File photo shows Senate Minority Leader Franklin Drilon.
The STAR/Geremy Pintolo, File
Drilon calls blocking revival of death penalty a 'tough' battle but vows to stop its passage
Gaea Katreena Cabico ( - July 5, 2019 - 6:08pm

MANILA, Philippines — Senate Minority Leader Franklin Drilon admitted that the fight against the revival of death penalty would be an “uphill battle” as there are more senators openly endorsing the proposal.

But Drilon, a former justice secretary, vowed to fight “tooth and nail” to block the reimposition of capital punishment in the country.

“We strongly and unequivocally oppose the reimposition of death penalty. We are prepared to fight it all the way,” Drilon said in a release Friday.

At least four senators filed bill pushing to bring back death penalty: Sens. Ronald Dela Rosa, Christopher Go, Manny Pacquiao and Panfilo Lacson. Dela Rosa, Go and Pacquiao are close allies of President Rodrigo Duterte.

Those who expressed support for the proposal included Sens. Sherwin Gatchalian, Cynthia Villar, Imee Marcos, Aquilino Pimentel III, Juan Edgardo Angara, Pia Cayetano, Bong Revilla, Francis Tolentino and Lito Lapid.

“It will be a tough fight considering that it is an administration-backed legislation and a number of senators have openly endorsed its passage. Let alone our diminished number in the Senate,” Drilon said.

The landslide victory of Duterte’s allies in the May midterm polls is seen to open path for the chief executive to make good of his most contentious plans, which include reviving the death penalty and rewriting the Constitution.

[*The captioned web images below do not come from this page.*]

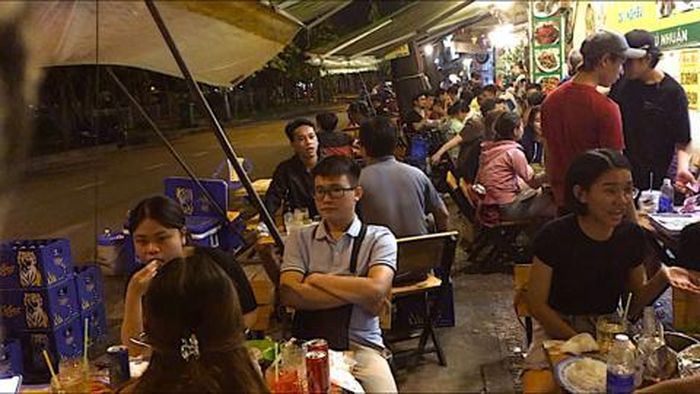 Nhiều quán nhậu trên đường Trường Sa luôn đông đúc khách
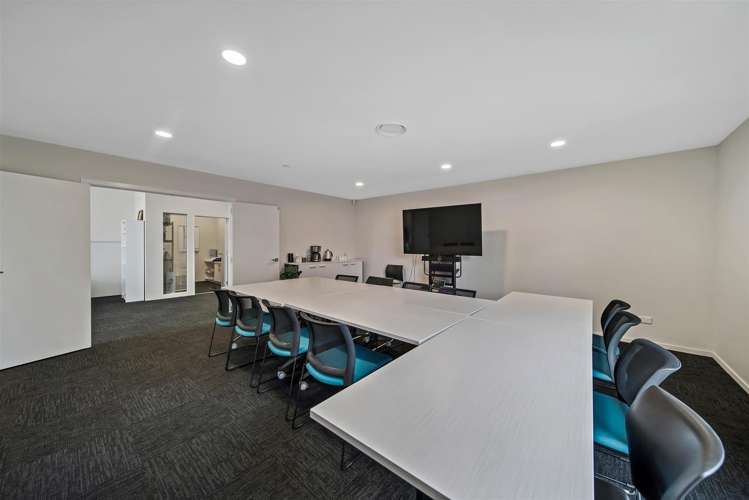 Unit 2, 506 Blenheim Road Sockburn_12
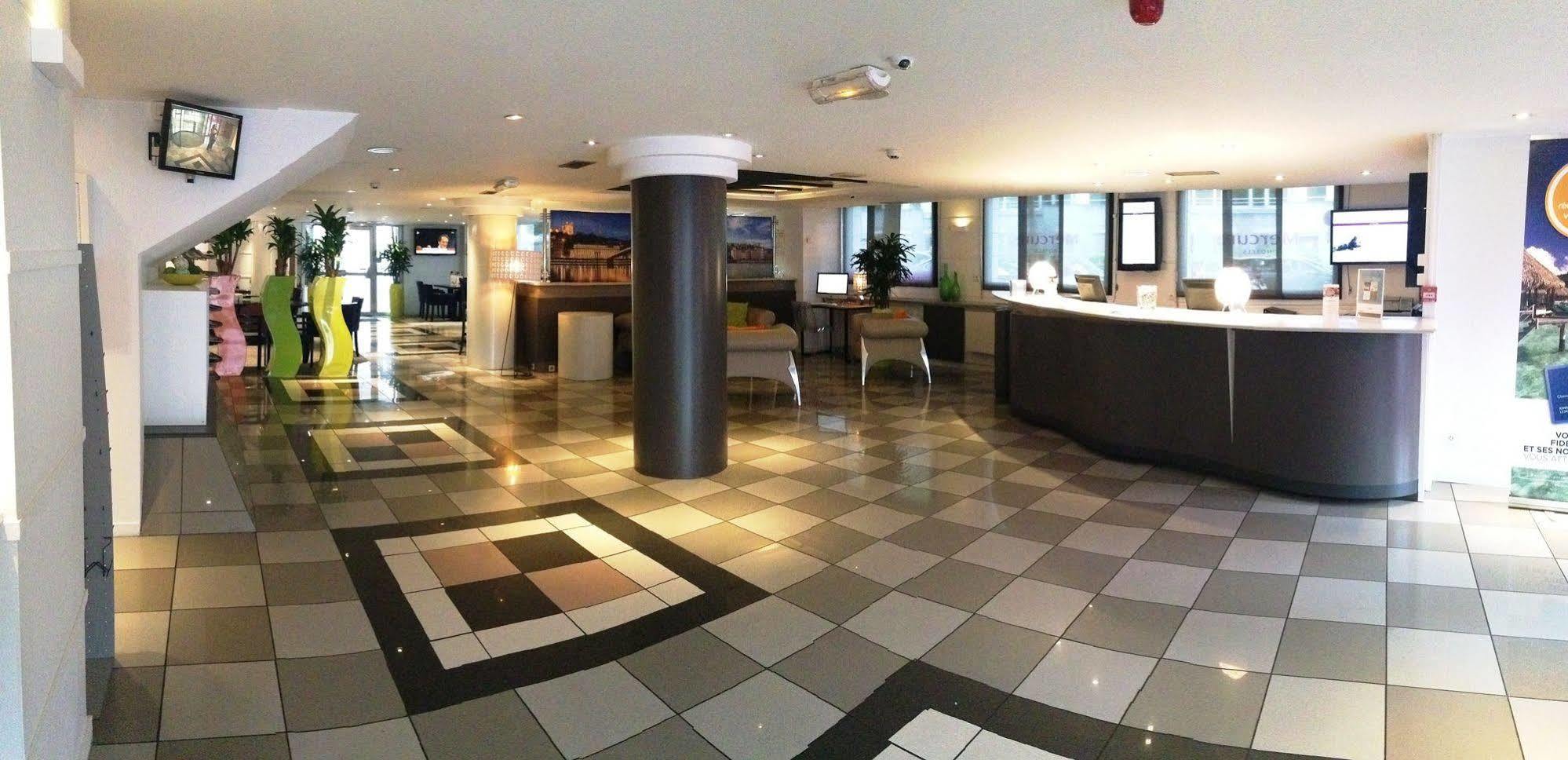 Hotel Mercure Lyon Centre Lumiere Exterior foto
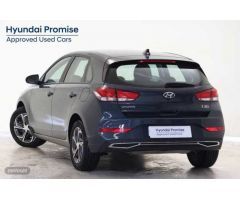 Hyundai i30 1.0 TGDI Klass LR 48V 120 de 2024 con 12.108 Km por 20.500 EUR. en Avila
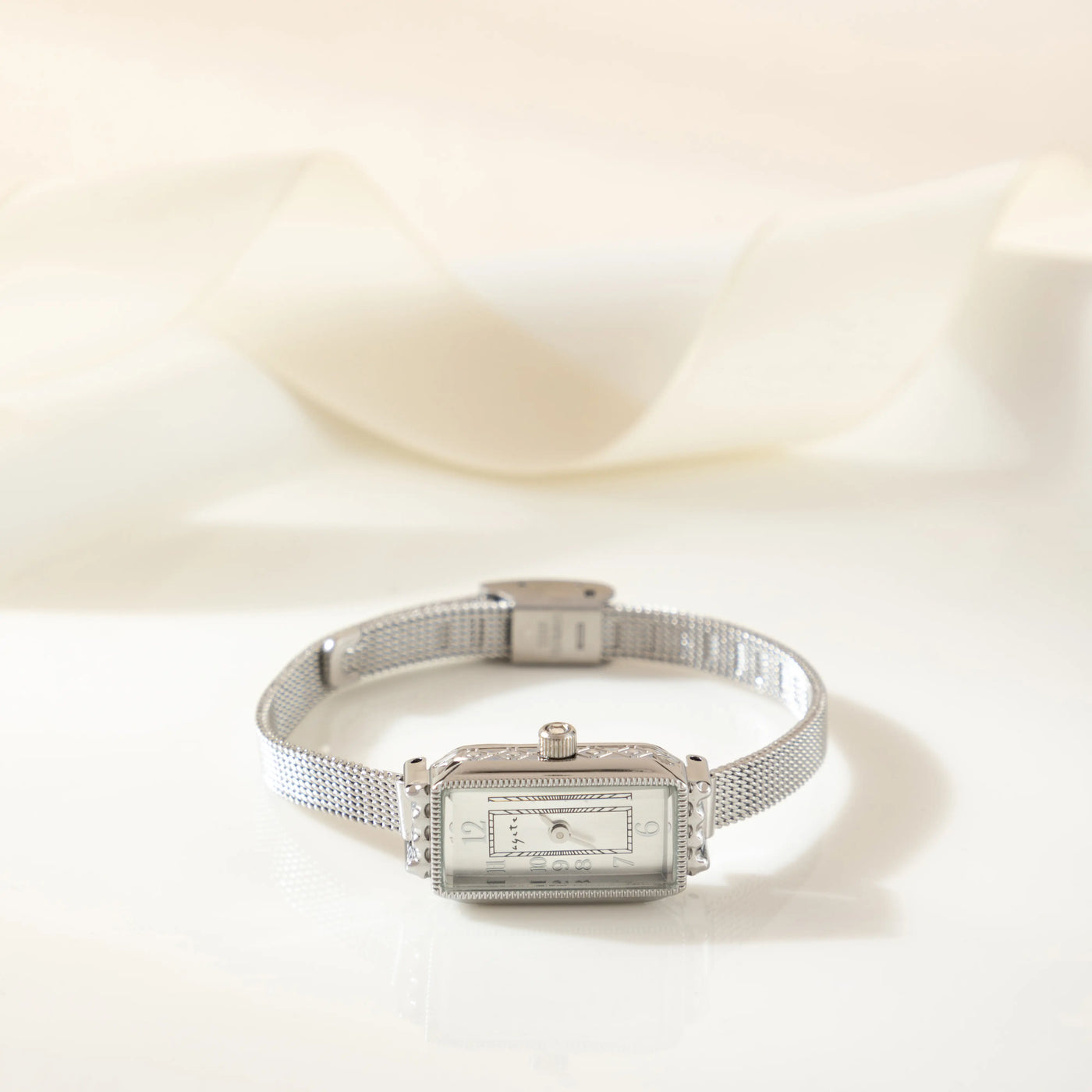 Golden Muse Rectangular Mesh Watch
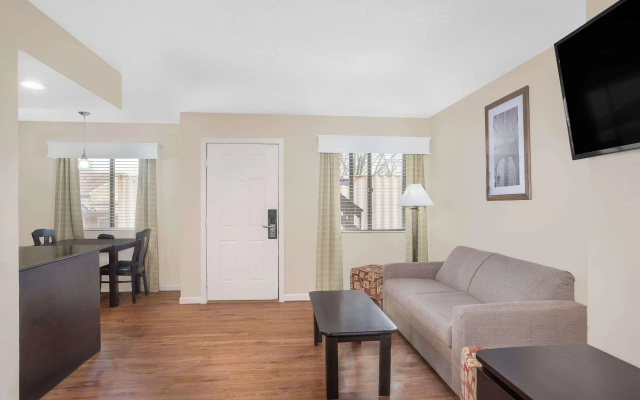 photo 4 of Hawthorn Suites by Wyndham Manchester Hartford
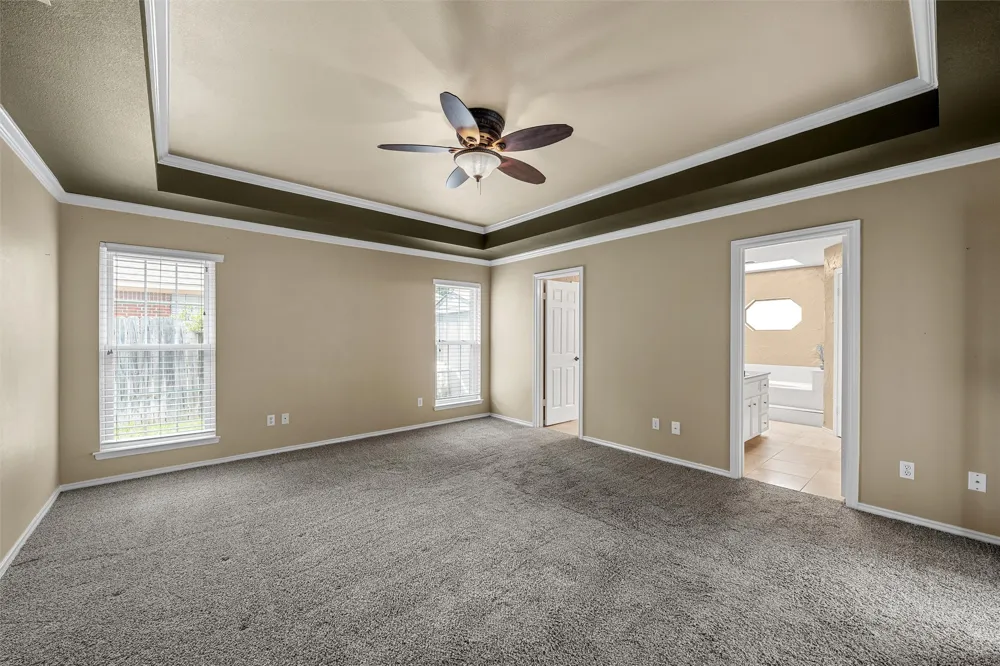 9406 Wildflower Drive Woodway, TX 76712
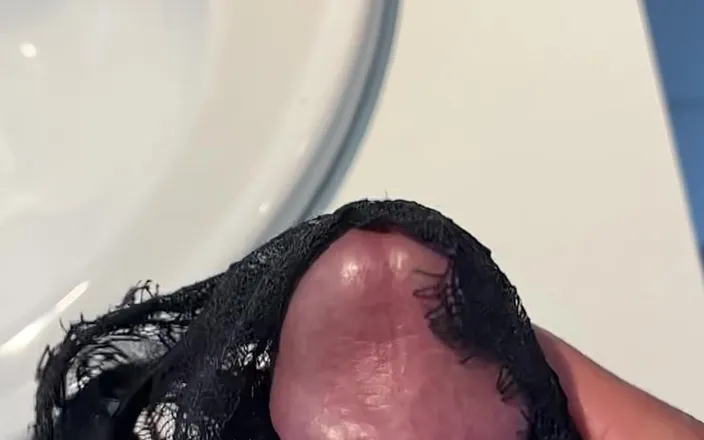Mikmikka: Cum in GF Panties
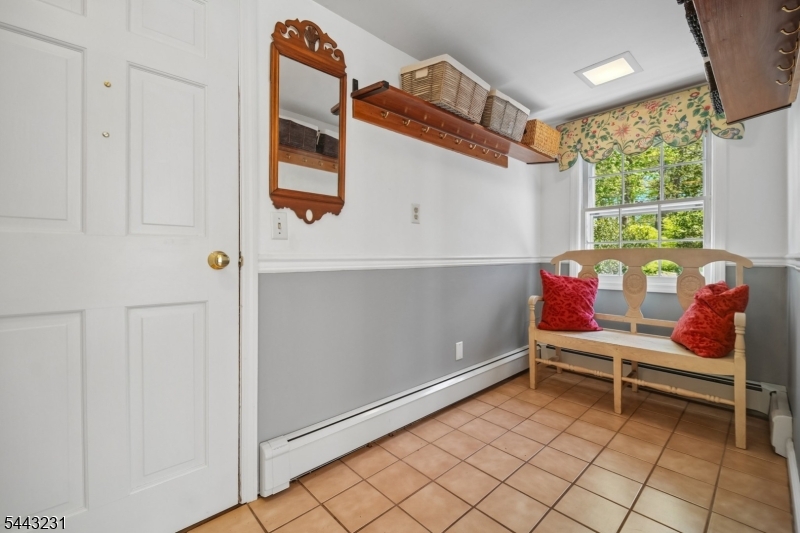 638 Mountain Ave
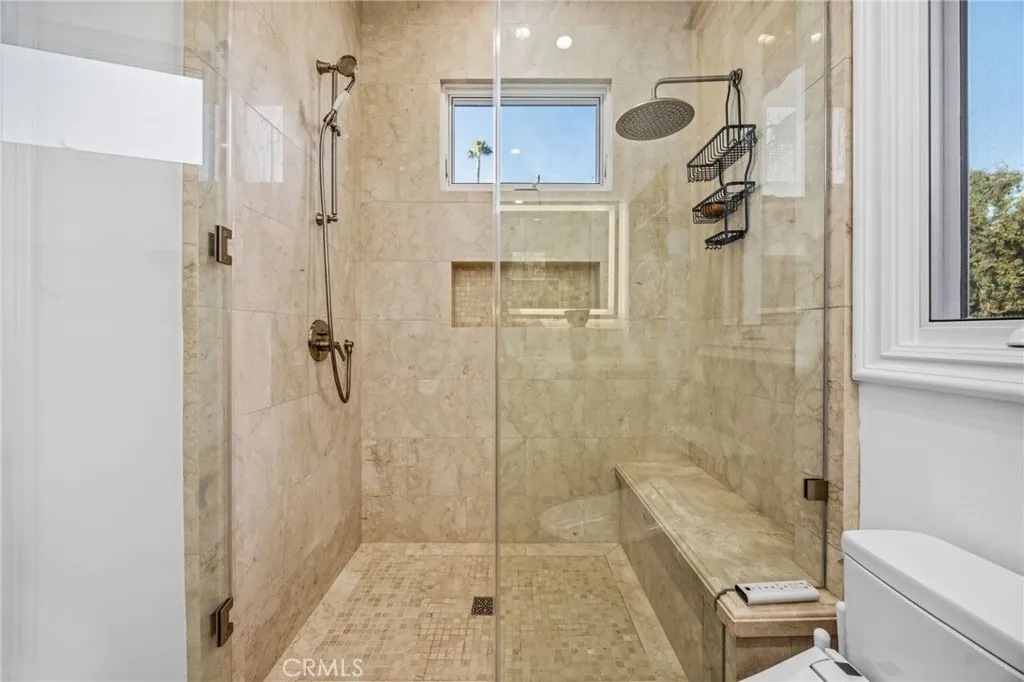 https://cdn.realtyfeed.com/cdn/127/306704219/1b824487ea043d072ebeb214463a9c81.webp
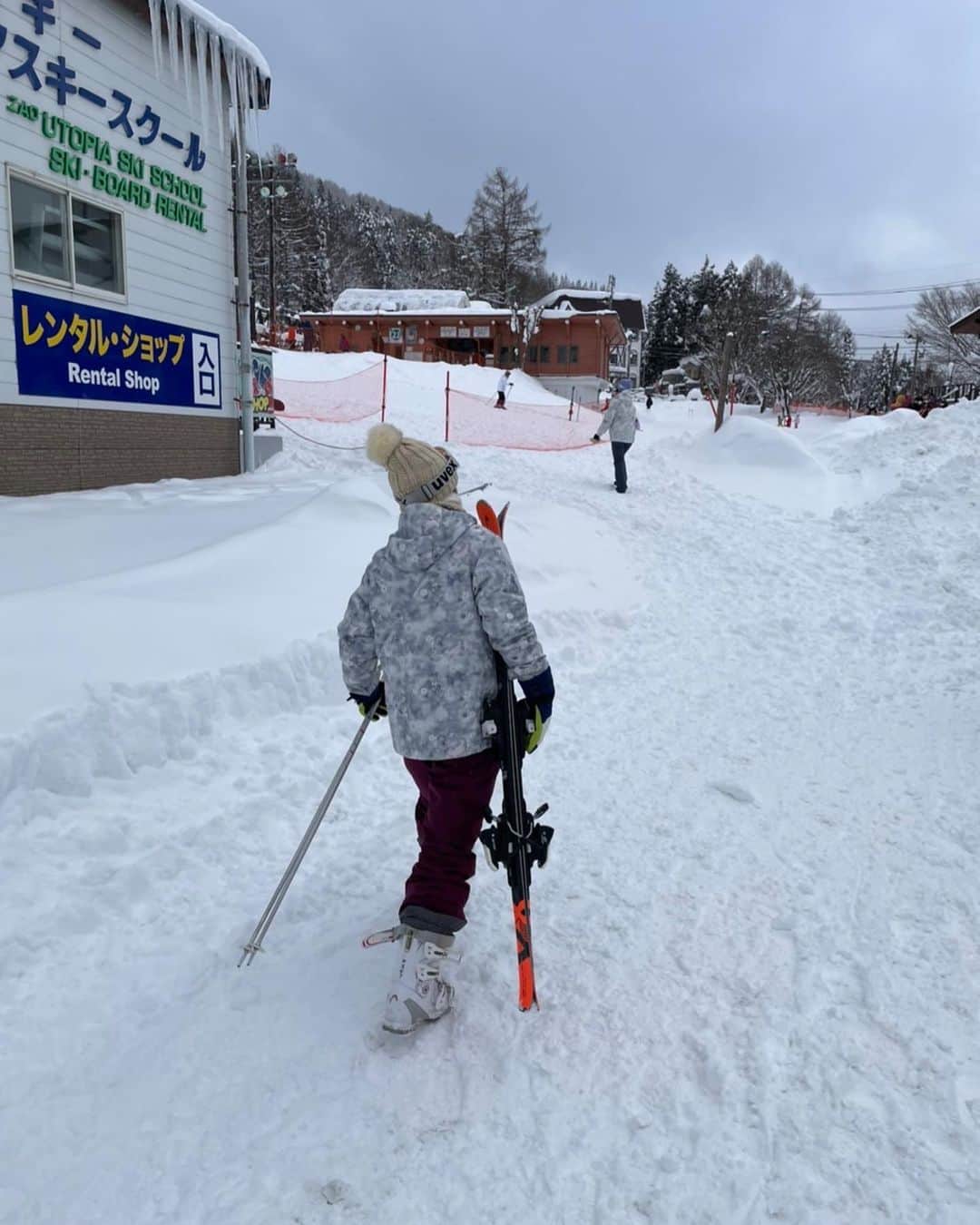 大江香織さんのインスタグラム写真 (大江香織Instagram)「新年初すべり。 今年は雪が多く、すべりやすく気持ちよかった。 蔵王温泉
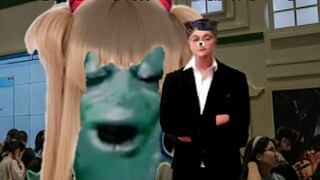 Khi bạn bị dán tem tại một hội nghị truyện tranh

Aside from Drilon, other members of the minority such as Sens. Francis Pangilinan, Risa Hontiveros and Leila de Lima, also expressed opposition to the bill.

“Notwithstanding these difficulties we will do our best to prevent it. We will never allow the 18th Congress to give license to authorities to kill the poor,” the opposition lawmaker said.

‘Not effective’

Drilon stressed that the poor will become victims of what he called “cruel and inhumane” punishment.

“It has been proven time and time again that capital punishment is not an effective deterrent to crimes. Only the poor will be made victims of this measure,” he said.

The opposition lawmaker added: “No justice will be served if it involves taking a life. Let’s be more rational, humane, independent and conscientious in handling this very sensitive issue.”

He also noted that the Philippines signed and ratified the Second Optional Protocol to the International Covenant on Civil and Political Rights, which mandates the abolition of capital punishment.

“Unless this issue is resolved, we cannot have a complete debate, because we will be back to the same question: Can the Philippines reimpose death penalty without any regard to our treaty obligation?” Drilon said.